> [Problem to work on] An exact transcription is needed of the lines below from the one with "Eric Feferberg )" through the one with "8-Day Private Rajasthan", with no other lines and no pictures.

***** Records supplied *****

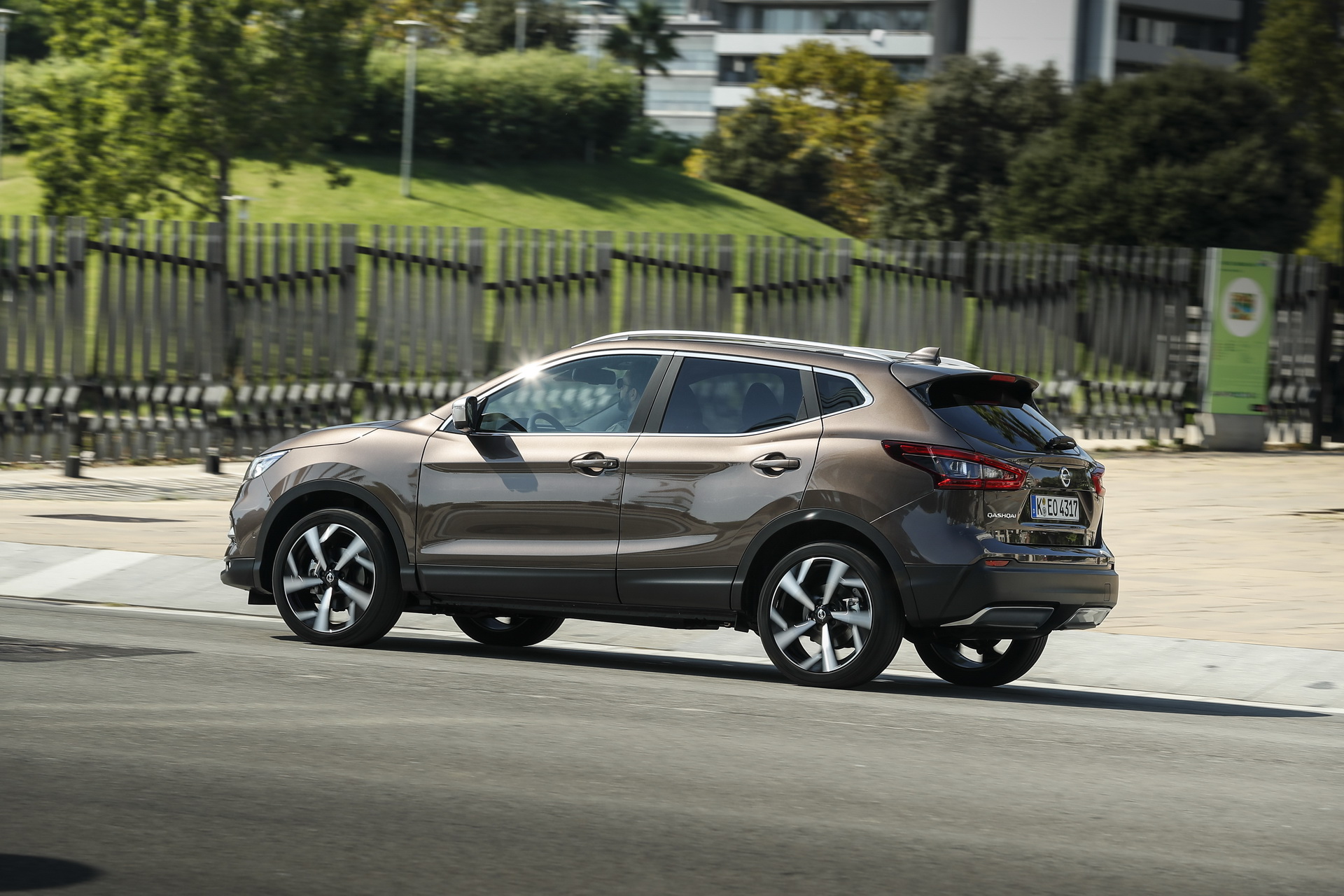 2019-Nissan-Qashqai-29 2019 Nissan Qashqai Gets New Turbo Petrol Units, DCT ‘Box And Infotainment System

*****
***** Records supplied *****

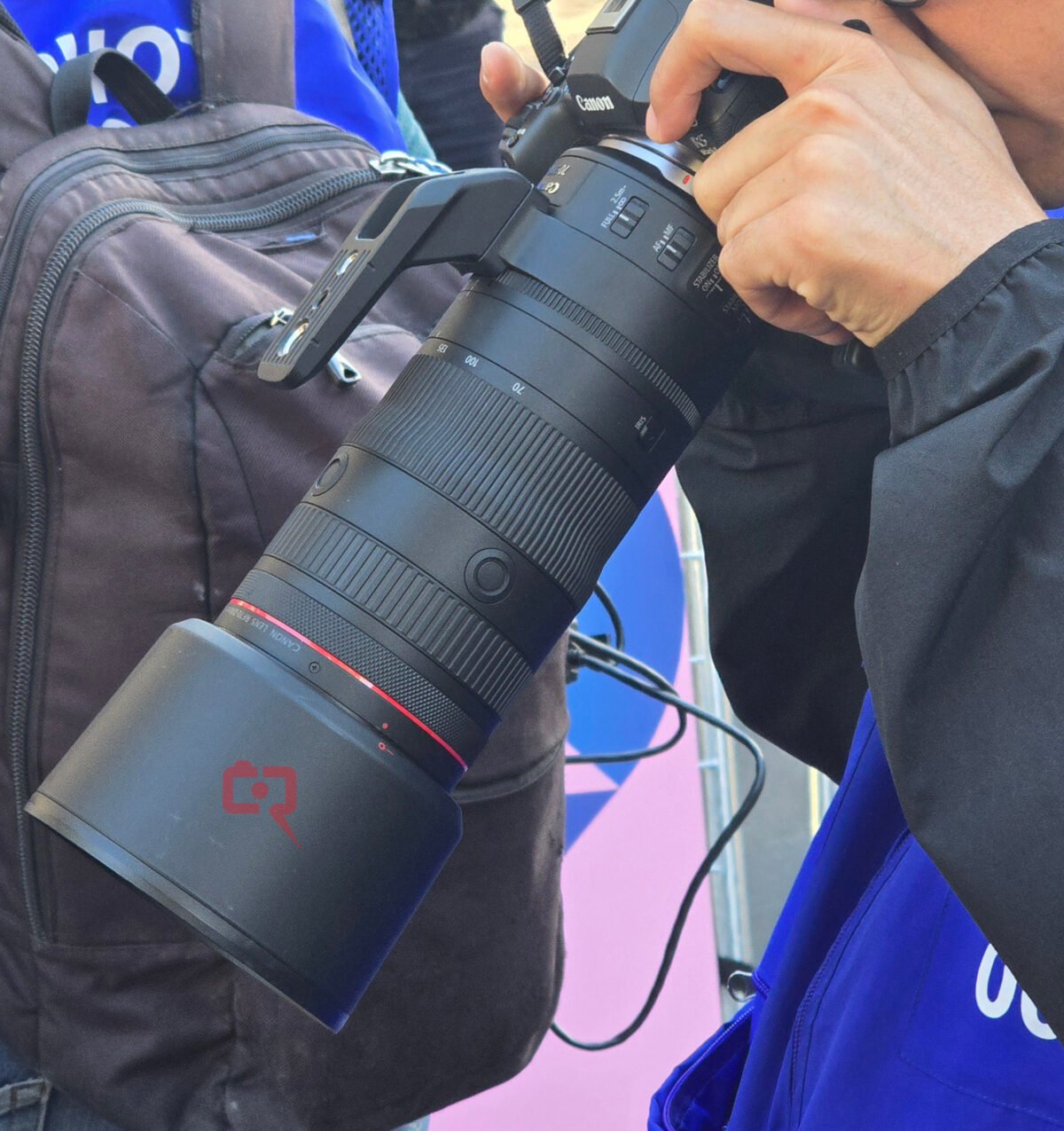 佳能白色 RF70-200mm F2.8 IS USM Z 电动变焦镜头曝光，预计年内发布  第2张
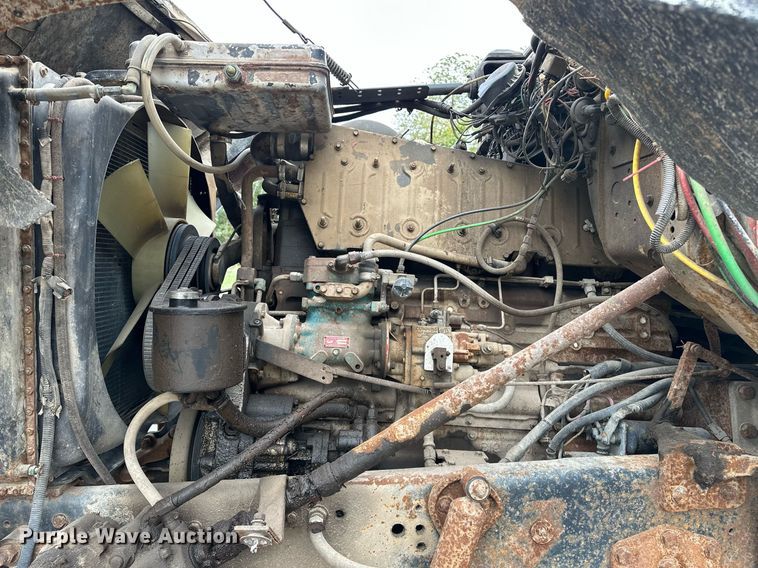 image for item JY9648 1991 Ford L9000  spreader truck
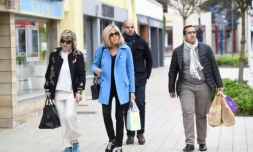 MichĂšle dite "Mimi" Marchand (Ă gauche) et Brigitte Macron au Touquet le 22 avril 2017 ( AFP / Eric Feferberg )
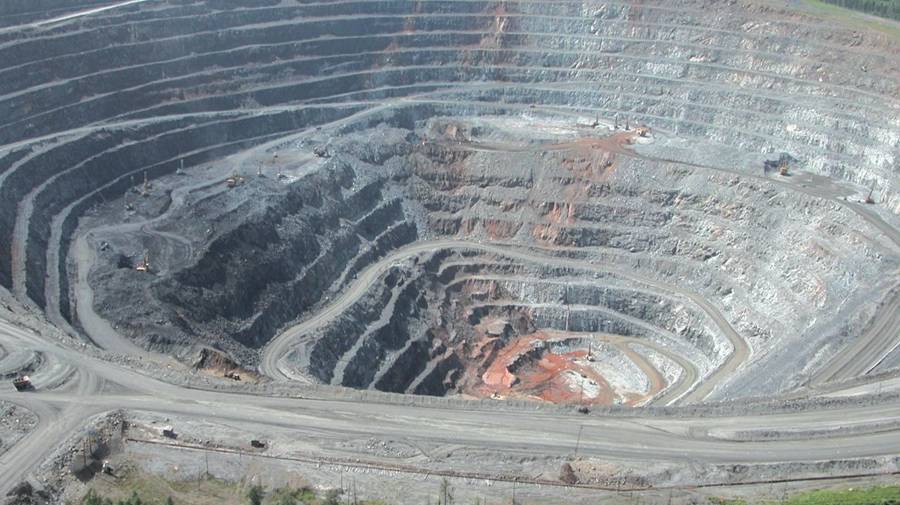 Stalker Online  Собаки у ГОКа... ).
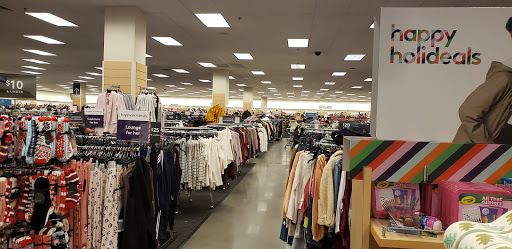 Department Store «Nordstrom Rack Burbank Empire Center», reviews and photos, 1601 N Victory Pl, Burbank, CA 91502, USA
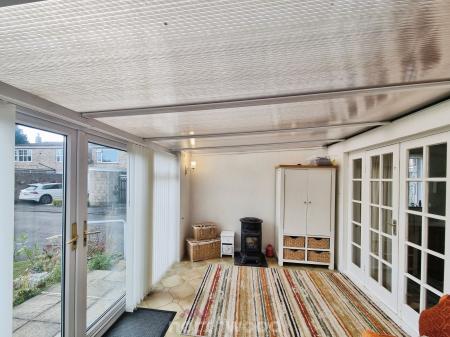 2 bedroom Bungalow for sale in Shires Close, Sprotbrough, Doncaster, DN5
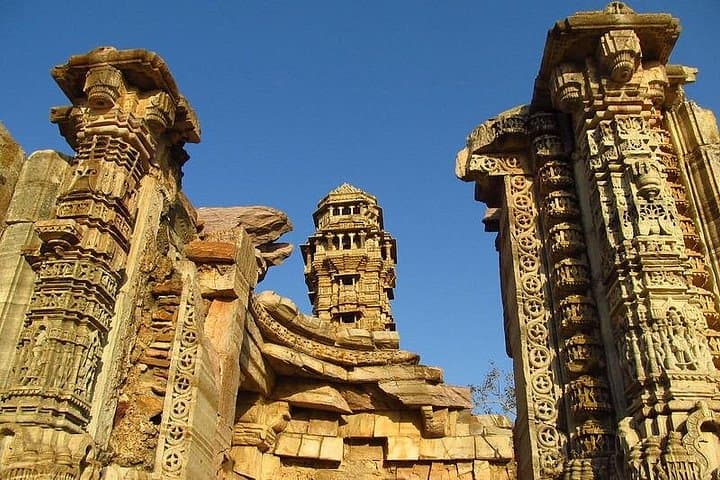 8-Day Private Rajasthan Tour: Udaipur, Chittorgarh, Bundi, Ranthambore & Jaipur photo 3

*****
***** Records supplied *****

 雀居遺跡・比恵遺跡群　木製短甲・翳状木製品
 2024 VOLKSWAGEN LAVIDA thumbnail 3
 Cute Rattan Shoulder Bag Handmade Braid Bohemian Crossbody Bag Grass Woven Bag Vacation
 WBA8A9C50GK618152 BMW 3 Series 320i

*****

> [Response below]
 MichĂšle dite "Mimi" Marchand (Ă gauche) et Brigitte Macron au Touquet le 22 avril 2017 ( AFP / Eric Feferberg )
 Stalker Online  Собаки у ГОКа... ).
 Department Store «Nordstrom Rack Burbank Empire Center», reviews and photos, 1601 N Victory Pl, Burbank, CA 91502, USA
 2 bedroom Bungalow for sale in Shires Close, Sprotbrough, Doncaster, DN5
 8-Day Private Rajasthan Tour: Udaipur, Chittorgarh, Bundi, Ranthambore & Jaipur photo 3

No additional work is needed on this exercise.